Rich And Over Here

The Portrait of a Lady

by Henry James

The Portrait of a Lady is one of those classics I always meant to read but never got around to it. It came up at last as essential reading on a lecture course on the English novel, so I felt obliged to tackle it. Though it has some merit in its depiction of the (mostly) idle rich and in its introspective handling of character, I found it over-long and rather tedious.

Isabel Archer, the ‘lady’ of the title, is a young American who arrives in England to stay with the family of her aunt, Mrs Touchett. Isabel is befriended by her cousin Ralph, who is an invalid. She also attracts suitors, the wealthy English peer Lord Warburton and the rich American businessman Caspar Goodwood. Both propose. Isabel declines, not only on the grounds that she does not love either but because ‘…[she] was fortunate in being independent, and that she ought to make some very enlightened use of that state.’

Ralph persuades his banker father to amend his will in Isabel’s favour  and she inherits seventy thousand pounds. [This is 1881, so £70,000 goes a long way!] When the old man dies, Isabel embarks on a tour of Europe. Through the intrigues of Mme Merle, another friend of the Touchetts, she meets Gilbert Osmond, an American who lives in Rome, and is persuaded to marry him and be stepmother to his daughter Pansy. Isabel’s reasons for accepting are rather obscure and, it seems to me, anything but enlightened. Osmond is a cold fortune hunter, a collector of people and things, and before long Isabel realises her mistake. She becomes desperately unhappy. Her husband hates her. However, despite being made aware of the deception practised on her – which she might have recognised for herself had she been less independent and more intelligent, Isabel appears to take the view that marriage vows are marriage vows. She is genuinely fond of Pansy and plays the role of the loyal wife. When the opportunity presents itself, she refuses to leave her husband for good. The ending of the novel is open yet we are left wondering whether that decision is irrevocable.

Although he finds a place among English writers like Trollope, Dickens and Hardy, Henry James was an American by birth and became a British citizen only in 1915, about a year before his death. His brother William, an eminent psychologist and philosopher, is credited with the invention of the term stream of consciousness and Henry was one of the first novelists to make use of it in his character studies.
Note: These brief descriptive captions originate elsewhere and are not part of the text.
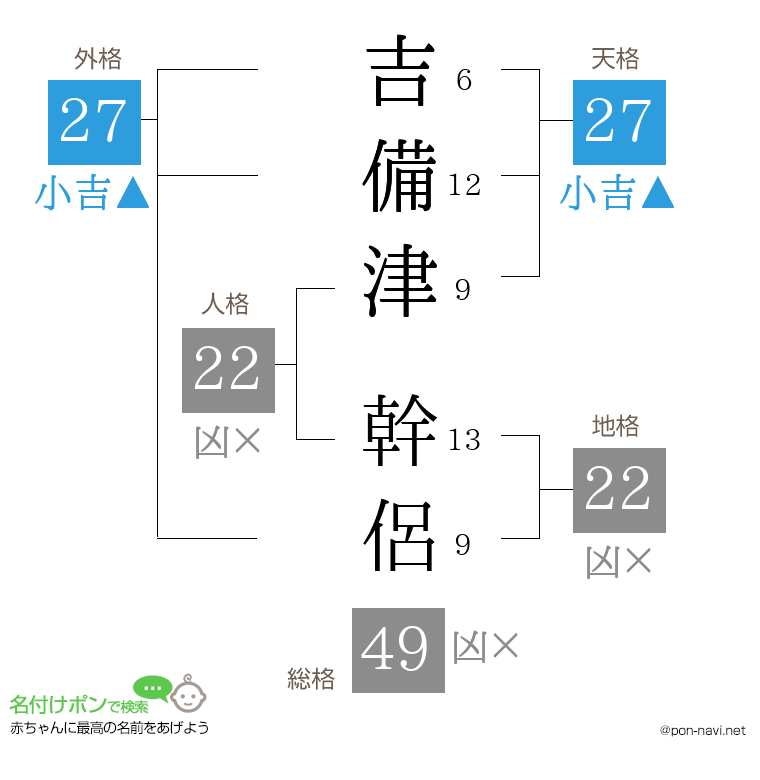 吉備津 幹侶さんの姓名判断結果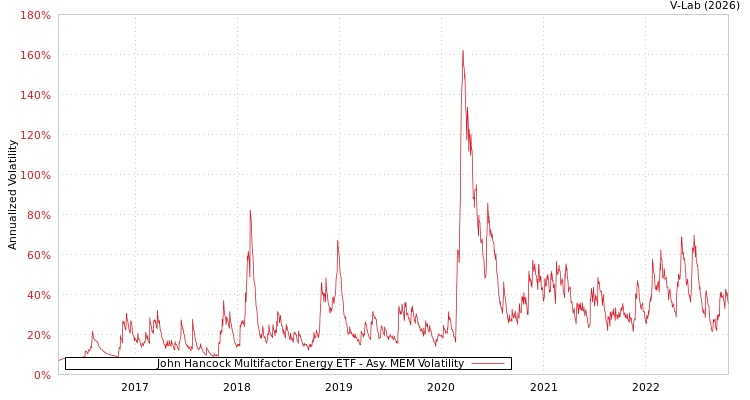 graph of John Hancock Multifactor Energy ETF AMEM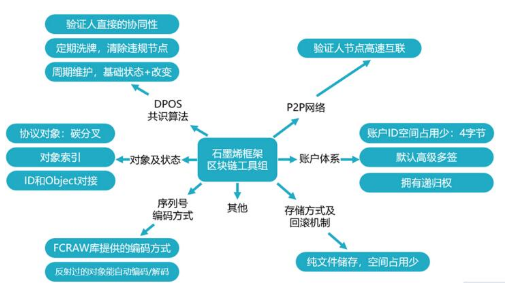 数字货币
Readers demand two things from a novel, that it should be a damn good story, and that they can identify with well-drawn protagonists. The first has to be very good indeed if it is to offset a failing in the second – and vice versa. Despite Henry James’s innovative stream of consciousness approach, for me the story of The Portrait of a Lady was not quite good enough. It wasn’t so much that James forsook the traditional happy ending of earlier English fiction but that he failed to grab my interest in the first few chapters. The pages are peopled with useless, idle or devious (or a combination of all three) characters who seem to do nothing except wander around Europe hatching mischief. Even Isabel, the heroine, when not frustrating, is unappealing. Only Ralph engaged my sympathy. It doesn’t help that James’s work is full of tightly-packed prose, weighty paragraphs and much simile, metaphor and circumlocution.

The final third of the book is much more interesting than the rest. James finally gets inside Isabel’s mind to give us an understanding of her decisions and actions but it is too late. To be fair, there is some excellent prose and a few vivid scenes, such as the one at the end when Isabel realises it is the dying Ralph she should have listened to all along: ‘ “Oh Ralph, I’m very happy now,” she cried through her tears. “And remember this,” he continued, “that if you’ve been hated, you’ve also been loved. Ah but, Isabel -adored!” he just audibly and lingeringly breathed.’

There are some fine speeches yet much of the dialogue lacks clarity. I found myself wondering whether  people ever spoke like this, even in 1881. And again, I found it difficult to believe in Isabel Archer  as in any way representative of American womanhood of her day. It may be my ultra-modern literary perception but I wanted to tell her to ‘get a life’.

The Portrait of a Lady, for all its literary acclaim, is just not my sort of novel at all. I find myself rather at odds with my course lecturer regarding its merits. My one consolation is the beautiful edition, with marbled endpapers, that I bought for one pound at a charity sale.